What if we combine the insight from climate science models with the potential for education and collaboration posed by a revolutionary technology such as video games? Video games should be an effective messenger for this emergency alert, because they are a powerful storytelling tool, naturally collaborative, and video game use increases every year. Did you know that roughly one third of the global population plays video games? In addition to the aforementioned reasons, climate change video games are advantageous because they can turn an issue that is somewhat inaccessible, due to its abstract and academic nature, into something that is tangible, immediate, and rewarding.
People are skeptical of how much video games can do to combat climate change, and rightly so, but climate change video games are meant to function as a stepping stone that subconsciously raises awareness and a sense of urgency about climate change, not an ultimate solution. A popular climate change video game would raise awareness about the nature and urgency of climate change. In addition, a mainstream climate change video game would reach millions of bright young people and inevitably some of them will come away with valuable perspectives on the issue. Not to mention the potential for breakthroughs that is created when hundreds of climate scientists, computer scientists, engineers, and other academics unite for the purpose of building the video game/simulation.

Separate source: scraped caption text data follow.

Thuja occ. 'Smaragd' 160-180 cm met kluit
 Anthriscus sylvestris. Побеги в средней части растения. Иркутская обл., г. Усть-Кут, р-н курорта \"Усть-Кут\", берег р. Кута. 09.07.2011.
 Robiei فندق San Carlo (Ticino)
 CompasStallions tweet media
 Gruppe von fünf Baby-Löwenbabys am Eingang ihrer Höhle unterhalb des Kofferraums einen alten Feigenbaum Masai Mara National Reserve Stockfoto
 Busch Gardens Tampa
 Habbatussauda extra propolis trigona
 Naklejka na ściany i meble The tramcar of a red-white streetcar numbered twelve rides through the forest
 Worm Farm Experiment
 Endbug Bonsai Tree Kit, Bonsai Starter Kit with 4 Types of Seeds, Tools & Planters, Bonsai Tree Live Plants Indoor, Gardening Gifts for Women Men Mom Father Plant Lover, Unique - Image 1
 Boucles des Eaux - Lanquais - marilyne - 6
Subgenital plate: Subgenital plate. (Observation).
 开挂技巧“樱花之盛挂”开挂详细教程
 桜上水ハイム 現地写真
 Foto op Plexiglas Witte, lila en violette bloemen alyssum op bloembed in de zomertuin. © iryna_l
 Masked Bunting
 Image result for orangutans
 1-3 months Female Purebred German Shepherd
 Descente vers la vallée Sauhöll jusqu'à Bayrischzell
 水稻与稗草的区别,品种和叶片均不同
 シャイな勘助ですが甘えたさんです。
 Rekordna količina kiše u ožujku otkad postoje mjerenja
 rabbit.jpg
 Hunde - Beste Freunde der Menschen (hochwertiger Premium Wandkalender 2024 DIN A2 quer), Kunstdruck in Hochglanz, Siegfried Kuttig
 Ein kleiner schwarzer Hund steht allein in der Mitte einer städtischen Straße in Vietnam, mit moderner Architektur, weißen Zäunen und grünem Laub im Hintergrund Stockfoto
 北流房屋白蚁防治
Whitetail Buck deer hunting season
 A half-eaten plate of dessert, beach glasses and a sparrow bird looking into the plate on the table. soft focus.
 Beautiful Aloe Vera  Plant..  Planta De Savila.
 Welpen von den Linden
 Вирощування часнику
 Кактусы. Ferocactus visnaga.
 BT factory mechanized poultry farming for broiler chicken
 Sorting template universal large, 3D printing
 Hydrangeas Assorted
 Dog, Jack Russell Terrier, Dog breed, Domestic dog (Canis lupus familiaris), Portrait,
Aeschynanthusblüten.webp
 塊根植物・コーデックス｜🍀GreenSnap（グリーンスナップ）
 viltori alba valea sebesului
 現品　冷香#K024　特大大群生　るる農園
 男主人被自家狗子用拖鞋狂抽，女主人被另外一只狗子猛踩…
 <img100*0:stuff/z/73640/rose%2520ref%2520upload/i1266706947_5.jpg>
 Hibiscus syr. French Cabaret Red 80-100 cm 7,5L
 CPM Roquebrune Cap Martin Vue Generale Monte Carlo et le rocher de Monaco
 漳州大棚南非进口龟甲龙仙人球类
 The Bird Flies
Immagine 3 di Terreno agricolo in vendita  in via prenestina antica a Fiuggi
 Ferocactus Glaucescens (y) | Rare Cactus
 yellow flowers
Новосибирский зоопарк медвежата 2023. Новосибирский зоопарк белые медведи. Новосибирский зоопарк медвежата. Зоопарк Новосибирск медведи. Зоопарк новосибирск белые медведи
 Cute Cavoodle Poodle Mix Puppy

Climate Game Jam is an event that does exactly that; teams of scientists and game designers form teams and then compete against each other to see who can design the best game in a 48 hour time period. In 2016, a game called Climate Quest won first place in the college category; Climate Quest was designed by Dargan Frierson, a UW professor of atmospheric sciences, and Zuoming Shi, a computer science and engineering doctoral student. Climate quest is a cartoon game, where you must send your five heroes, a climate scientist, urban planner, agricultural scientist, and more, to address different consequences of climate change and save the world. Go download Climate Quest for free on at the App Store. While it is entertaining and educational, Climate Quest does not even come close to the potential of video games to reach and influence people. Scientists must collaborate with top game designers in order to incorporate a climate change model/simulation into a game that the public will accept on a larger scale. For example, the video game Fortnite is extremely popular across the globe; what is stopping climate game designers from applying the elements that make a game like Fortnite popular, to a climate change video game?